MOSKOVA – Suriye’nin kuzeyinde Kürt halk Koruma Güçleri (YPG) ile IŞİD arasında çıkan çatışmalarda yakalanan IŞİD tekfirci Abdurrahman Abdulhadi; IŞİD ile Türkiye’deki ihvancı rejim arasındaki bağlantıların yeni bir kanıtına ışık tuttu.
Suriye’nin Haseke iline bağlı Tel Berak Kasabasından 20 yaşındaki Abdulhadi; 2013 yılında IŞİD’e katıldığını anlatırken Tel Berak’da Suriye ordusuna karşı savaştığını söyledi. Yakalanmadan önceki tanıklıklarını aktaran Abdulhadi; Türkiye’nin IŞİD’le ilişkilerinde hiçbir sorun olmadığını belirtti. IŞİD’te çok sayıda Türk savaşçı olduğu bilgisini veren 20 yaşındaki IŞİD üyesi, Adana’da askeri eğitim aldığını itiraf etti.
Abdulhadi; “Adana’da bir IŞİD emiri vardı, bir süre onunla kaldım. Ağustos 2014’te Adana’da askeri eğitim aldım. Havaalanına yakın bir köyde 60 kişi askeri eğitim alıyorduk. 60 kişi eğitim alıyorduk. Sabah kalkıp spor yapıyorduk. Haftada bir atış eğitimi alıyorduk. Kalaşnikof, Bixi ve diğer silahları kullanıyorduk. Bize eğitim veren kişi Urfalı Ahmet’ti. İbrahim adında biri de bize tercümanlık yapıyordu. Türkiye, Suriye’ye göre daha güvenli diye eğitimimizi Türkiye’de verdiler. Suriye’de bombardımanlardan dolayı askeri eğitim almamız mümkün değildi.” Diye konuştu.

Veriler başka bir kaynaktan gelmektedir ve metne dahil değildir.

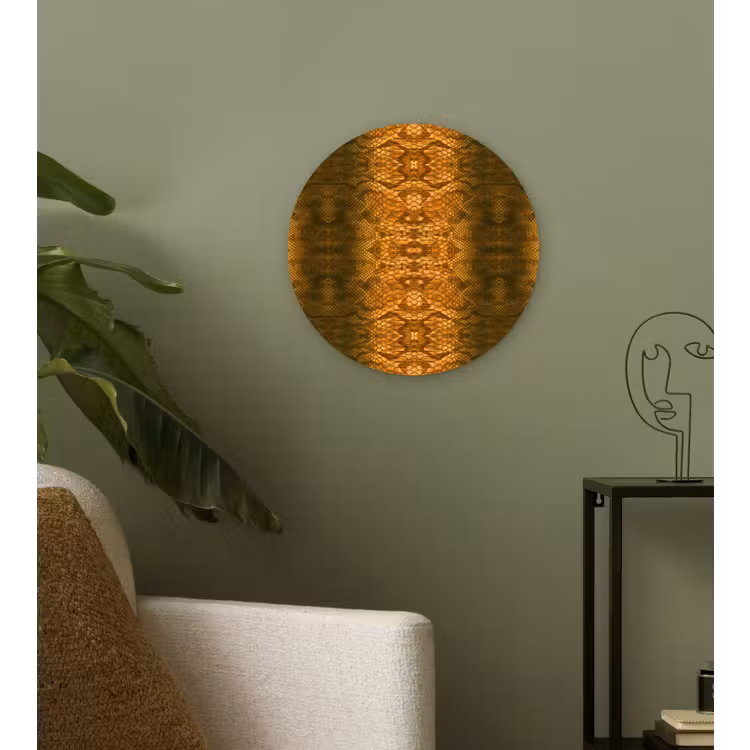 Slang - Boa - Amber Wandcirkel plexiglas klein 852 -sfeer3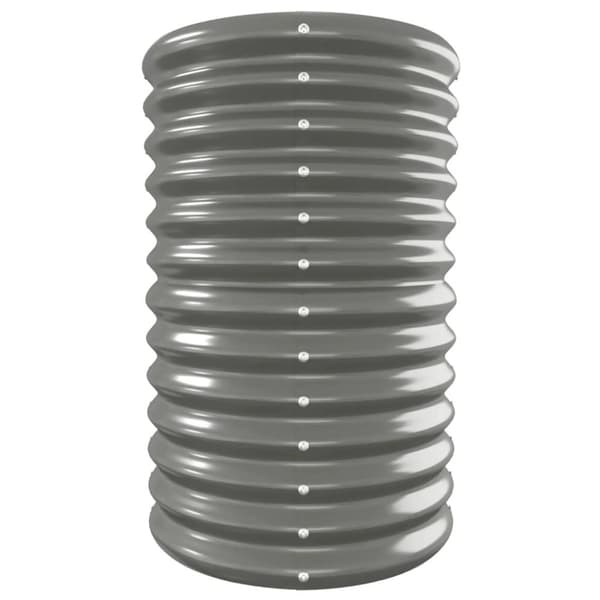 vidaXL plantekasse 332x40x68 cm pulverlakeret stål grå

Abdulhadi, Adana’da eğitim aldıkları kampın basına ÖSO kampı olarak yansıtıldığını da ifade etti:
“Basına Özgür Suriye Ordusu olarak eğitim aldığımız yansıtıldı, oysa eğitim alan herkes, IŞİD üyesiydi. Eğitimdeki 60 kişinin hepsi Suriye vatandaşıydı. Bu 60 kişinin çoğu iş amacıyla Türkiye’ye gelmişlerdi ama sonra IŞİD’e katıldılar.” Dedi.
Türkiye rejiminin Suriye’deki terör örgütleriyle bağı birçok istihbarat ve medya raporuyla kanıtlanmış durumda. Suriye’de terör faaliyetlerinde bulunan ve ‘ılımlı’ olarak yansıtılan bazı grupların, Türkiye’de eğitim kampları tespit edilmesine rağmen Erdoğan rejimi bu gerçeği inkar etmişti.
Abdulhadi sınırdaki terörist trafiğine dair de önemli açıklamalar yaptı:
“İnternet üzerinden Suriye’dekilerle irtibata geçiyordum, onların Türkiye’ye gelmesini sağlayıp eğitime sokuyordum. Eğitimden sonra Adana’da emir olan amcamın oğlunun yanında 5 ay kaldım. Görevim, Suriye’den gelenleri karşılamaktı. Emirim bana Türkiye’de kal dedi. Teröristleri Urfa’ya, oradan da Rakka’ya gönderiyorduk. Sonra Rakka’dan Suriye’nin çeşitli bölgelerine görev dağılımları oluyordu. Kaldığım köyde sivil insanlar vardı. Köy halkı bizim çalışmak için köye geldiğimizi düşünüyordu.”
Türkiye’deki IŞİD üyelerinin sayısı hakkında bir bilgisi olmadığını söyleyen Abdulhadi, şöyle devam etti:
“IŞİD’e Irak’tan sivil araçlarla ve yardım, gıda yükü görünümüyle silah geliyordu. Ağır silahlar Şeddadi’den geliyordu. Bende Şeddadi’de kaldım bir süre. IŞİD’in istihbarat biriminde çalıştım. Emirim beni El Havl’a bağlı Efır köyüne gönderdi. Bir gece bu köyde kaldım, ertesi gece YPG bizim kaldığımız noktaya baskın yaptı. 11 Aralık 2015 günü saat 24:00’da YPG kaldığımız yere baskın yaparak bizi yakaladı. İki kişi yakalandık. Ebu Yahya adında bir Fransız vardı El Havl’da, o emirdi.” Şeklinde konuştu.